━━ EXERCISE MATERIALS ━━
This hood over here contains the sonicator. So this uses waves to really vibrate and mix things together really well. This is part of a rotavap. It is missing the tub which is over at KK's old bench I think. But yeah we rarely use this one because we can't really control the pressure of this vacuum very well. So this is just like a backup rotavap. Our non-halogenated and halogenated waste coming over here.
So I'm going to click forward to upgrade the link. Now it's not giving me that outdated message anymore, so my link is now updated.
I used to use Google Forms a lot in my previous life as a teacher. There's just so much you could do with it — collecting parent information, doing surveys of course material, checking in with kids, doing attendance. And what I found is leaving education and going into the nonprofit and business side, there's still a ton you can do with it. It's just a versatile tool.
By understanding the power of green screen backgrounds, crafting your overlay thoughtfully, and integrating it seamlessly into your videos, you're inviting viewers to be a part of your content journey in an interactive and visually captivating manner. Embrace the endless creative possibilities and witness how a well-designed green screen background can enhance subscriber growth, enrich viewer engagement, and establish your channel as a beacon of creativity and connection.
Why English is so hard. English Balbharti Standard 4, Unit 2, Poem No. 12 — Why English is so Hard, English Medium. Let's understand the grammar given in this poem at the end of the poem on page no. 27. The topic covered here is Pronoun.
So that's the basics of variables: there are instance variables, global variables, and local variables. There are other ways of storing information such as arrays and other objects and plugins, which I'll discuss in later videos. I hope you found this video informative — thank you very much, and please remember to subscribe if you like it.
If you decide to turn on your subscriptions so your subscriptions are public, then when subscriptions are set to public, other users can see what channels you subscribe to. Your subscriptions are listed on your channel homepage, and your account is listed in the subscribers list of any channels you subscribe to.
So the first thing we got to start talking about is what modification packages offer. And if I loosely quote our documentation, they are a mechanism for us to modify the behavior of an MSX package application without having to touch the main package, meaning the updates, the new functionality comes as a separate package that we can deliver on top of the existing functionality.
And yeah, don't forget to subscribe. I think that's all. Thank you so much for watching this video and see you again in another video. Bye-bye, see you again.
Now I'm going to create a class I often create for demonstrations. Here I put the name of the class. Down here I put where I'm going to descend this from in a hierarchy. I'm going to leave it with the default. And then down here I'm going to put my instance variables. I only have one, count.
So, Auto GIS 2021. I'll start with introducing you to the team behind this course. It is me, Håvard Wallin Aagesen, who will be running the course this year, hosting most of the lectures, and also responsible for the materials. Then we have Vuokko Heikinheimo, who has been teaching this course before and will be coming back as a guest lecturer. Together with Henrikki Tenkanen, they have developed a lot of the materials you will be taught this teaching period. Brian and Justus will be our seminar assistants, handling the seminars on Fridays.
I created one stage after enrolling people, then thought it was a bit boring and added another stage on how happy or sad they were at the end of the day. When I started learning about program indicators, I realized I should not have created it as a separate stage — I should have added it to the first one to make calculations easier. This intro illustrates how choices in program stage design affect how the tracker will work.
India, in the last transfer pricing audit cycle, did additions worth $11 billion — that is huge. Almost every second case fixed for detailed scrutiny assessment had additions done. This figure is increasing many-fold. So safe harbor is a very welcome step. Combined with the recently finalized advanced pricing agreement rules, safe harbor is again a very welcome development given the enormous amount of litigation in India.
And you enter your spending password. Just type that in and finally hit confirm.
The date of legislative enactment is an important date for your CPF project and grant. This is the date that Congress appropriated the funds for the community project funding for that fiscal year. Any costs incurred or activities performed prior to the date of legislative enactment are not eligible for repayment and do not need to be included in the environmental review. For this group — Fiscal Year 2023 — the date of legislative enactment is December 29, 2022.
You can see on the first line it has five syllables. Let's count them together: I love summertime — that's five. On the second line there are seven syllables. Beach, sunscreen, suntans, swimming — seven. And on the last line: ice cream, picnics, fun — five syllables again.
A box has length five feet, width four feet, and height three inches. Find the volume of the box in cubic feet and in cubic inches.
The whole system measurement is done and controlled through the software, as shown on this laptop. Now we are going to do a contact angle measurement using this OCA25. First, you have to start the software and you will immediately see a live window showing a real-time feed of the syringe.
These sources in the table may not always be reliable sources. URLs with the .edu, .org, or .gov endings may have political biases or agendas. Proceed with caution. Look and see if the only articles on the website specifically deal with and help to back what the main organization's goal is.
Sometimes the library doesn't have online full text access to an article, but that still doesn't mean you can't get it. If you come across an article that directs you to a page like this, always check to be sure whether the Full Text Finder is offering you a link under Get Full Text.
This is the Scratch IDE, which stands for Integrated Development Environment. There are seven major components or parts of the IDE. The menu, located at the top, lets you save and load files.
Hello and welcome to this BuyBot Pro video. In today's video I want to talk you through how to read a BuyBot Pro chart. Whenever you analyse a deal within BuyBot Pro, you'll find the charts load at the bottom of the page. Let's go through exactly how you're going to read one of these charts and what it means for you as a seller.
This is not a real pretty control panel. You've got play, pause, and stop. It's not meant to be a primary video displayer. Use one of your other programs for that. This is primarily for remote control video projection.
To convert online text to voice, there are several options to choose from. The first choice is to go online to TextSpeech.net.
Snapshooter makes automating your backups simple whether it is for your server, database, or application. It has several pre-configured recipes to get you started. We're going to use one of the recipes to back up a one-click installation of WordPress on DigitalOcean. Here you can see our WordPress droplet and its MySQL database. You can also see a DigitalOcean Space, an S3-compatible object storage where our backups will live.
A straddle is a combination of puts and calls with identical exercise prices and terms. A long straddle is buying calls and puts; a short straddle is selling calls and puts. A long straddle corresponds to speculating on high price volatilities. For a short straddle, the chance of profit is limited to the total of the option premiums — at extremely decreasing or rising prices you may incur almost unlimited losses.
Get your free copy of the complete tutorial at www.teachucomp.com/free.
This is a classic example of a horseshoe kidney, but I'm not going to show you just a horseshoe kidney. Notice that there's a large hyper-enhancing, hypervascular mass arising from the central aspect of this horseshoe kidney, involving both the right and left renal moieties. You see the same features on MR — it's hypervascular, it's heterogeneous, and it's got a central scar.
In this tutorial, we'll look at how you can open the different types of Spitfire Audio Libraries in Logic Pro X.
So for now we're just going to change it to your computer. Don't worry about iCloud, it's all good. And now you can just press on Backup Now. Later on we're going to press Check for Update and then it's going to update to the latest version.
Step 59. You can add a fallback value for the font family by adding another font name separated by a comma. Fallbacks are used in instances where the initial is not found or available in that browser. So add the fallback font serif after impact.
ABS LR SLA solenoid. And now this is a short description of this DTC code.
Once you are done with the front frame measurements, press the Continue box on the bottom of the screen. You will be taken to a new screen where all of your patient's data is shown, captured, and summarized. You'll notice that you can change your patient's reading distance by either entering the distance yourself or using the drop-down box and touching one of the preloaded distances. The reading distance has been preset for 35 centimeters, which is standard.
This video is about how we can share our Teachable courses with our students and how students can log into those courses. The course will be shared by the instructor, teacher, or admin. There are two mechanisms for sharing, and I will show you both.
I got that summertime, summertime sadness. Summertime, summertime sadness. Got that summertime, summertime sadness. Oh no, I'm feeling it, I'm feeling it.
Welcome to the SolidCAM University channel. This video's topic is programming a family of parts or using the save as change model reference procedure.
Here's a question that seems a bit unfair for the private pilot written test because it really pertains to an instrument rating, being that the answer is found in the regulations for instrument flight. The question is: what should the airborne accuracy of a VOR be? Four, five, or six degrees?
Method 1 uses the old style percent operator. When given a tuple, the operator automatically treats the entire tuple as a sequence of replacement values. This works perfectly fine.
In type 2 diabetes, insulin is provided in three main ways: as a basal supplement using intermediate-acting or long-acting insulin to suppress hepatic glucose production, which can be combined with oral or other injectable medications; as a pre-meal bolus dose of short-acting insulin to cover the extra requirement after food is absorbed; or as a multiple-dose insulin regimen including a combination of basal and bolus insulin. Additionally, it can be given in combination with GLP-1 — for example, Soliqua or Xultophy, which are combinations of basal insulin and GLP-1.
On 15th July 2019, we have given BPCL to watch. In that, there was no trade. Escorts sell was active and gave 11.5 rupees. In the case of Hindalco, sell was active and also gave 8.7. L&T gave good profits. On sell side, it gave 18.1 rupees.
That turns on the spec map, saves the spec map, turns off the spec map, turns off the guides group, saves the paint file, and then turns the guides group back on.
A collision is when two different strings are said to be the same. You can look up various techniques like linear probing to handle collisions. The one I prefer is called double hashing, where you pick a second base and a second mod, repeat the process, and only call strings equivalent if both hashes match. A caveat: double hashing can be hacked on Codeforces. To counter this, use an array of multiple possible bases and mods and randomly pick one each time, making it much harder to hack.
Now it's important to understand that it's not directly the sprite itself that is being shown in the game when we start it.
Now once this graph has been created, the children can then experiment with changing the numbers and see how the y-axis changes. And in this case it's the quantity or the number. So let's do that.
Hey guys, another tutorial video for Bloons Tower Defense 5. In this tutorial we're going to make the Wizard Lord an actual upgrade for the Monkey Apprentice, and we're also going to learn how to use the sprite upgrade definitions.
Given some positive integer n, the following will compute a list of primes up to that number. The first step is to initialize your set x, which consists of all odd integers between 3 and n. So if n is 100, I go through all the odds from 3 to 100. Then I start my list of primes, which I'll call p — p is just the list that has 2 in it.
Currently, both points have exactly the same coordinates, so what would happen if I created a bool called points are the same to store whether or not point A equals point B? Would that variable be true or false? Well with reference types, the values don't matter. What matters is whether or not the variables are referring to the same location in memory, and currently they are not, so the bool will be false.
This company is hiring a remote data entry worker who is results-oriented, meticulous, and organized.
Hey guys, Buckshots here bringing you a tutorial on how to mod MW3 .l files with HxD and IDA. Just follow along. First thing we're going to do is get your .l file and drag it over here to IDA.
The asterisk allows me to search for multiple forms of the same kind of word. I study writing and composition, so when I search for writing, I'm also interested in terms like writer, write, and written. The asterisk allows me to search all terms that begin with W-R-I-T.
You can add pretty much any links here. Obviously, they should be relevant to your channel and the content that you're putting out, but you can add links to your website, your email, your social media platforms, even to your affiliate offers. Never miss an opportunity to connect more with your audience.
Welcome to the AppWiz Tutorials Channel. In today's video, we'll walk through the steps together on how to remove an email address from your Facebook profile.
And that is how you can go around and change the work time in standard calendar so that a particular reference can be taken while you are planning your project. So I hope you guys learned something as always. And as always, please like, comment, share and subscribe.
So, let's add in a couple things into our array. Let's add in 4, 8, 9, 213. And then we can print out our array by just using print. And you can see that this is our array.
━━━
— WORK INSTRUCTIONS —
An exact, complete copy of the lines above from the one with "Sometimes the library" through the one with "To convert online" is the whole answer.

— EXERCISE SOLUTION —
Sometimes the library doesn't have online full text access to an article, but that still doesn't mean you can't get it. If you come across an article that directs you to a page like this, always check to be sure whether the Full Text Finder is offering you a link under Get Full Text.
This is the Scratch IDE, which stands for Integrated Development Environment. There are seven major components or parts of the IDE. The menu, located at the top, lets you save and load files.
Hello and welcome to this BuyBot Pro video. In today's video I want to talk you through how to read a BuyBot Pro chart. Whenever you analyse a deal within BuyBot Pro, you'll find the charts load at the bottom of the page. Let's go through exactly how you're going to read one of these charts and what it means for you as a seller.
This is not a real pretty control panel. You've got play, pause, and stop. It's not meant to be a primary video displayer. Use one of your other programs for that. This is primarily for remote control video projection.
To convert online text to voice, there are several options to choose from. The first choice is to go online to TextSpeech.net.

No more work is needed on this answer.